It’s not just wooden sculptures and bonfires that get scorched at Burning Man. The festival’s 70,000+ attendees also feel the heat of the Black Rock desert’s extreme environment. With temperatures reaching up to 100°F (40°C) during the day, festival goers usually have few places to escape from the sun; however, Russian artist Alex Shtanuk has created a solution to the Nevada heat, with a 107,640-square-foot (10,000-square-meter) “NASA” blanket.

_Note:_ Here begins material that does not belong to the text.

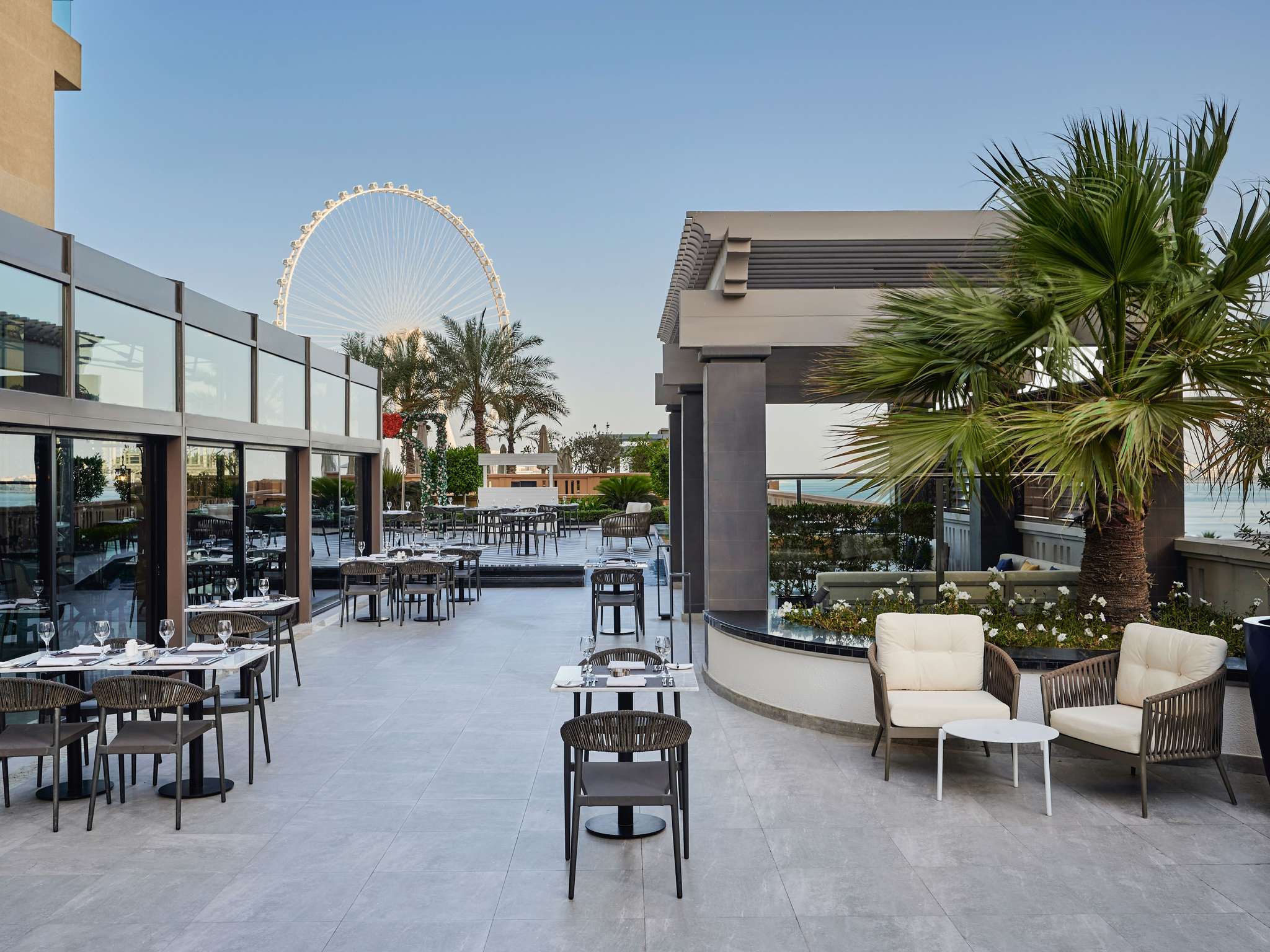 Daypass Sofitel Dubai Jumeirah Beach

Made of 3,350 NASA Space blankets (BoPET polyester) and held together with 40 km of reinforced tape, The Blanket is coated with a metallic agent that reflects up to 97% of the radiated heat. The material was designed in the 1960s to stabilize body temperatures, and is the same silver fabric you might have seen wrapped around athletes or physical trauma victims. Shtanuk hopes his gigantic canvas will provide Burning Man attendees a space to cool down, away from the intense daytime sun. People can hide under its flowing waves and chill in a micro-climate that’s a few degrees cooler than outside.
“At night hundreds of people in el-wire suits will get together under the blanket creating an effect of oceanic bioluminescent plankton or moving waves of equalizer,” explains Shtanuk. “Ever since we were children and throughout our life we share the space under the blanket with lovers, friends and family. Under The Blanket there are no strangers.”
Shtanuk previously tested a smaller 100-foot-by-130-foot blanket at the Russian land-art festival, Archstoyanie. “The blanket looked absolutely alien among fields and trees,” he recalls. “At the same time, the huge silver object affects people in a very specific way: they start smiling, running on it, interacting with it in all possible ways. Just like children.”
In order to make the Burning Man project a reality, Shtanuk is currently raising funds via an Indiegogo campaign. The flexible goal of $17,500 will cover materials and equipment, as well as space rental and transport costs from Russia to Black Rock desert. Backers will receive their very own “dusty piece” of the material in various available sizes.